26th August 2019
Cryptocurrencies are a digital money system that allows people to send or receive money globally across the internet. Bitcoin payments are processed through a private network of computers all linked through a shared program. Each transaction is simultaneously recorded in a “blockchain” on each computer that updates and informs all accounts.
Cryptocurrencies such as Bitcoin allows for fast, secure and low-cost transactions, which is very attractive to many companies. This has led to some businesses exploring the possibilities of paying their employees in cryptocurrency, with some already using Bitcoin to incentivize their employees.
However, there are some complications to consider that could arise when paying employees with it, including the volatility of cryptocurrency and how the value of it fluctuates dramatically all the time. But paying our employees with cryptocurrency is just a thing of the future… or is it?
New Zealand has become the first country to legally back companies that are paying employees in cryptocurrencies. The ruling by New Zealand’s tax authority allows salaries and wages to be paid in cryptocurrencies such as Bitcoin from September 1, as long as the payments are in regular, fixed amounts. The digital currency of choice must also be pegged to at least one regular currency and must be able to be converted directly into a standard form of payment. Companies that choose to pay their employees in crypto will be able to deduct tax under New Zealand’s pay as you earn income tax scheme.
Although we might be a long way away from global legality of paying employees in cryptocurrency, and no matter where you stand on paying in cryptocurrencies, it is definitely something that could happen more readily in the future and is something you might need to consider embracing.

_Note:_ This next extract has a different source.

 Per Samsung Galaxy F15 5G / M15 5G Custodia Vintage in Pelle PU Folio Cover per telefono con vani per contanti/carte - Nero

If you are thinking of using cryptocurrencies to pay or incentivize your employees, you need to consider:
- Whether this would be something your employees would actually want. Weigh up the pros and cons of cryptocurrency against other options.
- Look at how the cryptocurrency is regulated in the countries in which you intend to use it; whether it is permissible to pay or give it as an employee benefit, and what the tax treatment will be (both from your perspective, and from that of your employees)
- Doing some due diligence to decide which cryptocurrency would be the best fit for your company. Look closely at which currencies to offer, which exchange to use and which provider or broker you should appoint to deal with the administrative side of things (similar to a pensions provider). Remember to conduct due diligence on any third party to ensure you are compliant with anti-money laundering requirements
- How volatile cryptocurrencies can be, as it may mean it is difficult to understand the value an employee may receive in regard to their salary.
- Reviewing your payroll and CRM systems to understand how it can be integrated and managed, if at all.